I don’t know what to do. I jusst don’t know. I feel so powerless. Why can’t I just be perfect like my peers? All of them gets good grades, look amazing and are amazing at socializing. I’m just a piece of shit who has never done anything in life.
but you are only 13. it’s not like you’re at the end of a long, unproductive life with no time or opportunity to change things- you literally have all the time in the world right now to make something of yourself! don’t succumb into the darkness, instead rise up and make your parents proud. push yourself harder at school for better grades so you can get a good job and scholarships in the future. right now you sort of have tunnel vision, and your sights are set on one dismal thing, when you could be opening your eyes to the entire world around you and everything it has to offer someone young like you.
I don’t know. I don’t know.I don’t know. I don’t know.I don’t know. I don’t know.I don’t know. I don’t know.I don’t know. I don’t know.I don’t know. I don’t know.I don’t know. I don’t know.I don’t know. I don’t know.I don’t know. I don’t know.

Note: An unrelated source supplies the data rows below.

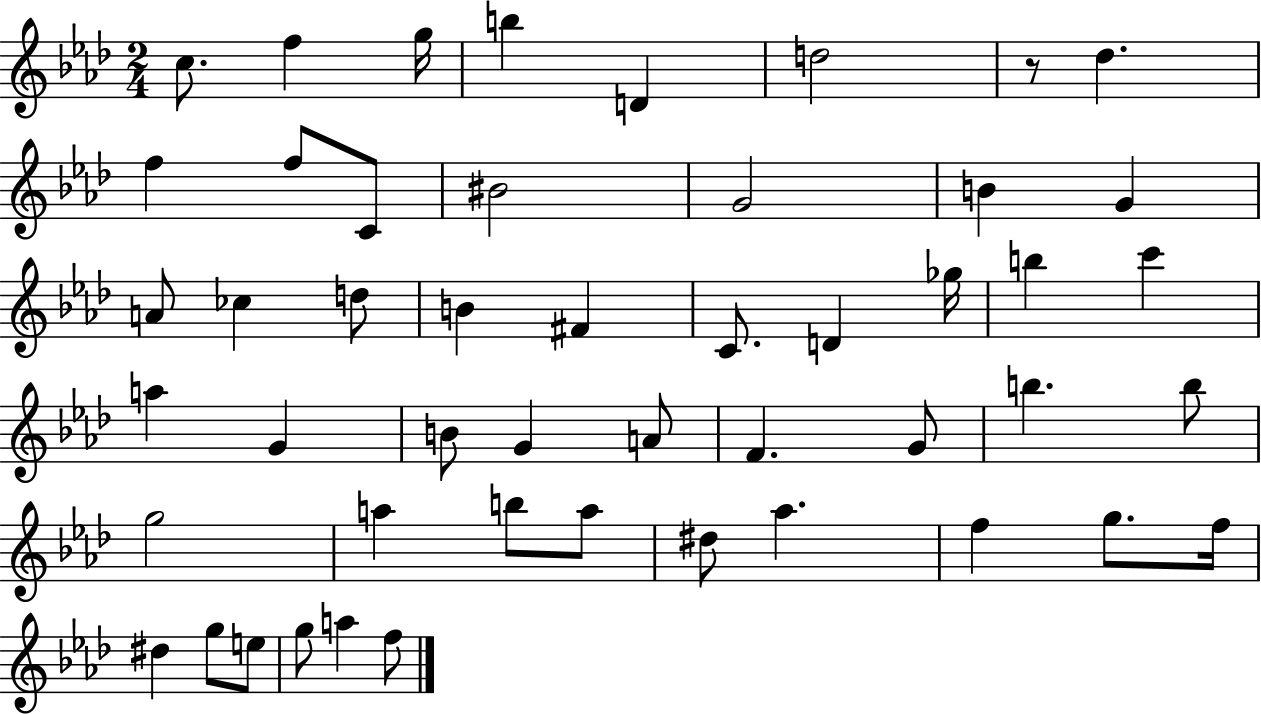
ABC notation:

X:1
T:Untitled
M:2/4
L:1/4
K:Ab
c/2 f g/4 b D d2 z/2 _d f f/2 C/2 ^B2 G2 B G A/2 _c d/2 B ^F C/2 D _g/4 b c' a G B/2 G A/2 F G/2 b b/2 g2 a b/2 a/2 ^d/2 _a f g/2 f/4 ^d g/2 e/2 g/2 a f/2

First of all, perfection doesn’t exist. Secondly, maybe some of your peers are dealing with their own struggles as well that you aren’t aware of. You must know that just because we may look appealing doesn’t mean that we aren’t struggling. Now, I don’t know you, but I’m pretty sure you must have some amazing and unique qualities since every human being is different. Don’t forget that you’re 13 so you haven’t quite experienced puberty yet and I’m telling you, even if I’m sure you look amazing right now, you’ll look a thousand times better when you reach the age of an adult. As for grades, all I can say is you have to work hard and put in the extra effort. Yes some might be naturally gifted, but if you study hard you can definitely reach your desired marks. Trust me when I put near to no effort I was getting around end of 70s and start of 80s and when I put in the extra effort I was able to up my marks to 95 and up. You shouldn’t worry much about it since you must be in like 8th grade? It’s not like these grades are counting toward you gpa for college. Focus on trying to find a hobby where you can meet other people and occupy yourself.
bye
Matto, what makes you want to die? Did something happen?

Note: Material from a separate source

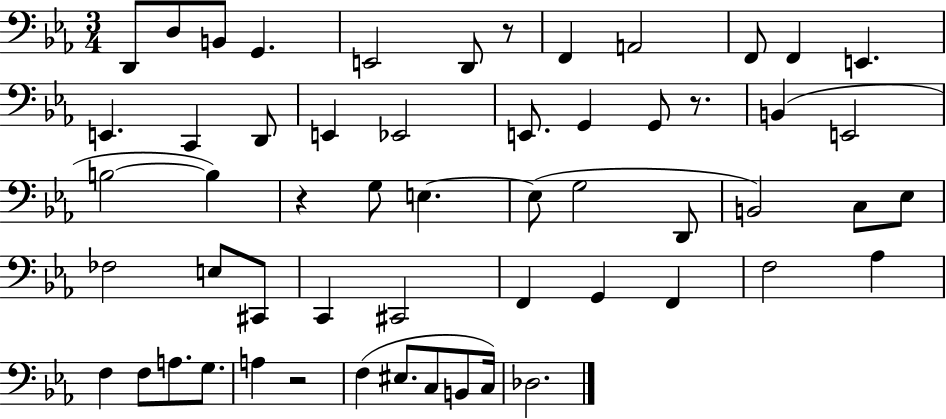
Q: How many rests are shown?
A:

don’t give up. we are a big support system for you. just keep talking to us, and focus on finding outlets for yourself in the real world, as well. like blacklacecasket suggested, maybe pick up a hobby in where you will meet other like minded people!

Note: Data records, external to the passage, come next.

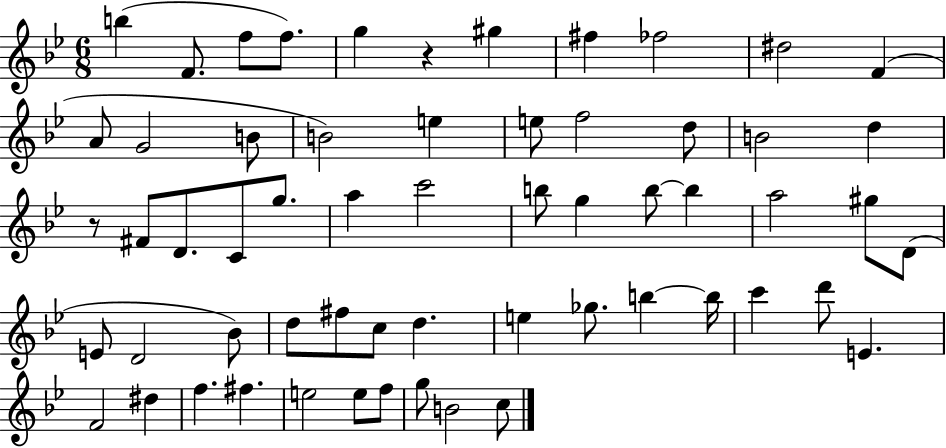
{
  \clef treble
  \numericTimeSignature
  \time 6/8
  \key bes \major
  b''4( f'8. f''8 f''8.) | g''4 r4 gis''4 | fis''4 fes''2 | dis''2 f'4( | \break a'8 g'2 b'8 | b'2) e''4 | e''8 f''2 d''8 | b'2 d''4 | \break r8 fis'8 d'8. c'8 g''8. | a''4 c'''2 | b''8 g''4 b''8~~ b''4 | a''2 gis''8 d'8( | \break e'8 d'2 bes'8) | d''8 fis''8 c''8 d''4. | e''4 ges''8. b''4~~ b''16 | c'''4 d'''8 e'4. | \break f'2 dis''4 | f''4. fis''4. | e''2 e''8 f''8 | g''8 b'2 c''8 | \break \bar "|."
}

I’m sorry please try to stick around here for a bit longer at least??
How tall is the building? Have you chosen it yet?
Oslo Plaza. Search it up it’s pretty tall.
I son’t want to waste your time. I’m not important.
that’s not true, you are very very important.
I’m not so sure about that though. I feel much more like a narcissist. All my life I’ve been surrounded by amazing people, and I don’t deserve them. They’re much more important than I am. And that’s one of their many qualities.
we are all going to feel like we don’t deserve the wonderful people around us, but the fact is that they are in our lives for a reason. whether it’s to comfort us or inspire us, there are reasons for them being around you.
But what if theres a reason they get taken away?
there’s a reason for that, as well. I can’t tell you the reasons why certain people come into our lives and why certain ones get taken away when they do. my take on it is that these people are meant to serve a purpose in our lives and they aren’t meant to overstay their visit once that purpose is fulfilled. now, we can’t always figure out what we are supposed to learn from them, but in time we will.
I lost the love of my life two years ago, and I still don’t know why he was taken away, but I know now that he wasn’t meant to be here forever. and that hurts like hell, but I have to accept it. I know he doesn’t want me sitting here wallowing in grief for the rest of my life, either. he would want me to get up and do something great with my life, with or without him in it. and I know for a fact that your parents want the same thing for you.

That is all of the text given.